Study tracks links between melting ice cap, Atlantic Ocean currents
FRISCO — The retreat of sea ice caused by global warming could lead to colder weather for parts of northwestern Europe, Canadian researchers said after studying changing ocean dynamics in the North Atlantic.
The new research reinforces previous findings that the shrinking Arctic ice cap is likely to change the delicate balance between the cold and dense water pouring out of the Arctic and the warm waters of the subtropical Atlantic, according to professor G.W.K. Moore, of the University of Toronto Mississauga.
“A warm western Europe requires a cold North Atlantic Ocean, and the warming that the North Atlantic is now experiencing has the potential to result in a cooling over western Europe,” said Moore.
The retreating sea ice may alter the oceanic convection process that keeps the conveyor belt of warm water flowing toward Europe. If oceanic convection decreases, the Gulf Stream may weaken, thereby reducing the warming of the atmosphere, in comparison to today, he said.
The research, published in Nature Climate Change, looked closely at changes the air-sea heat exchange in the region brought about by global warming, and to consider its possible impact on oceanic circulation, including the climatologically important Atlantic Meridional Overturning Circulation.
Previous studies have focused on the changing salinity of the northern seas and its effects on ocean circulation.
Moore and his fellow researchers based their findings on wintertime data from 1958 to 2014 that was provided by the European Centre for Medium-Range Weather Forecasts and model simulations.

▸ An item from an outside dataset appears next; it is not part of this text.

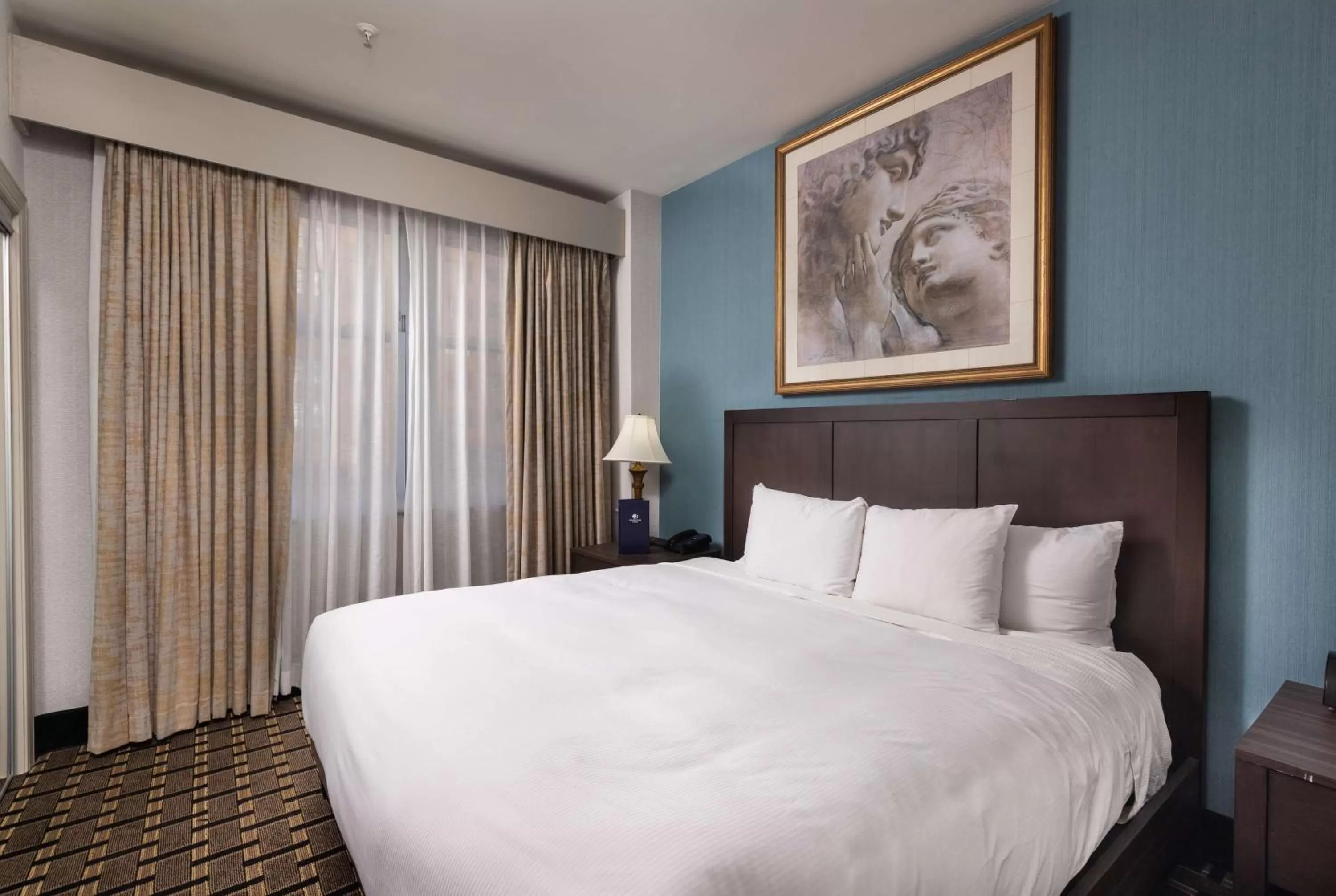 Bed in Inn at the Colonnade Baltimore - A DoubleTree by Hilton Hotel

Traditionally, the Gulf Stream moves warm water north toward western Europe, where it loses heat and moisture to the atmosphere, acting to moderate the climate in this region. The resulting colder, denser water sinks and returns south at a great depth eventually rising to the surface in the tropics, where the cycle, known as the Atlantic Meridional Ocean Circulation, begins all over again.
The Iceland and Greenland Seas are among the only places worldwide where conditions are right and this heat exchange is able to change the ocean’s density enough to cause the surface waters to sink. The largest air-sea heat exchange in these seas occurs at the edge of the sea ice.

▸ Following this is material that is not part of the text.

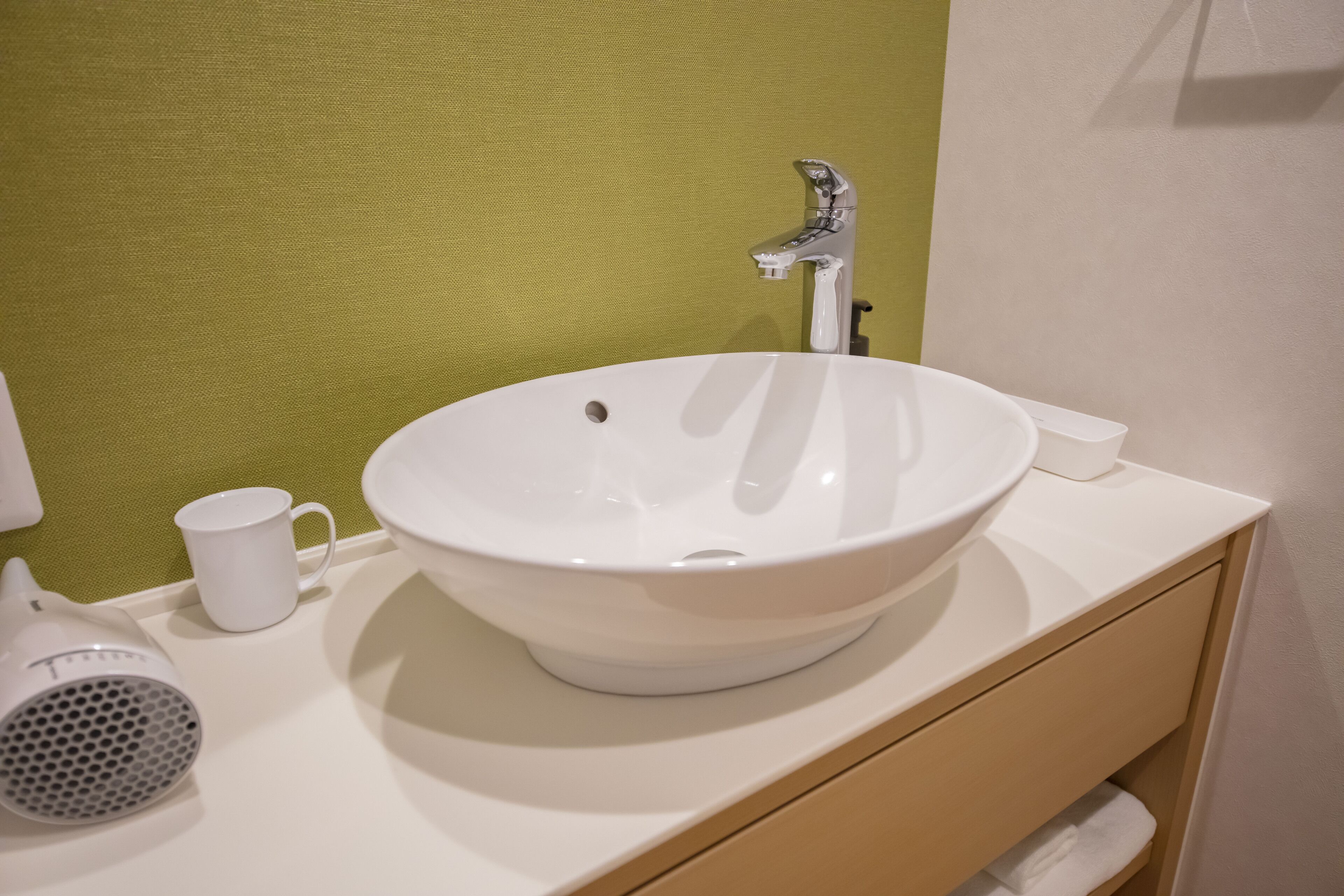 superior e non-smoking | bathroom | free toiletries, hair dryer, slippers, bidet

In recent years, the sea ice has retreated, changing the area of maximum heat exchange. As a result, there has been a reduction in the heat exchange over the locations where sinking occurs in the ocean. This has the potential to weaken oceanic convection in the Greenland and Iceland Seas.
“The heat exchange is weaker … it’s like turning the stove down 20 percent,” says Moore. “We believe the weakening will continue and eventually cause changes in the Atlantic Meridional Overturning Circulation and the Gulf Stream, which can impact the climate of Europe.”
The paper’s other authors are Kjetil V?ge from the University of Bergen, Robert Pickart from Woods Hole Oceanographic Institution and Ian Renfrew from the University of East Anglia.